Please write out the listing exactly, leaving each picture out.

BEGIN Dataset excerpt

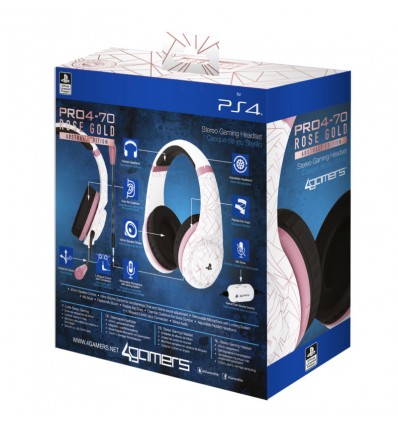 4GAMERS PS4 STEREO GAMING HEADSET ROSE GOLD EDITION - ABSTRACT WHITE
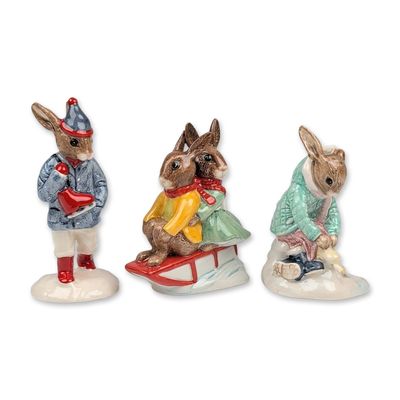 3pc Royal Doulton Bunnykins Ceramic Figurine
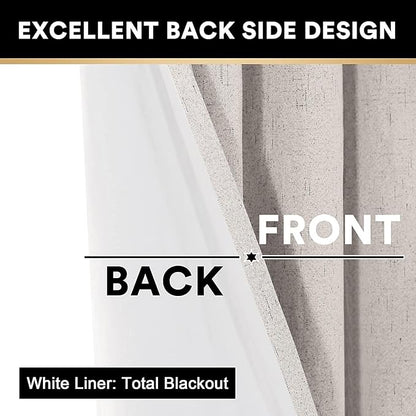 PrinceDeco Linen Blackout Curtains 100% Blackout Curtains 108 Inches Long Linen - Image 5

END Dataset excerpt

Exercise solution:
 4GAMERS PS4 STEREO GAMING HEADSET ROSE GOLD EDITION - ABSTRACT WHITE
 3pc Royal Doulton Bunnykins Ceramic Figurine
 PrinceDeco Linen Blackout Curtains 100% Blackout Curtains 108 Inches Long Linen - Image 5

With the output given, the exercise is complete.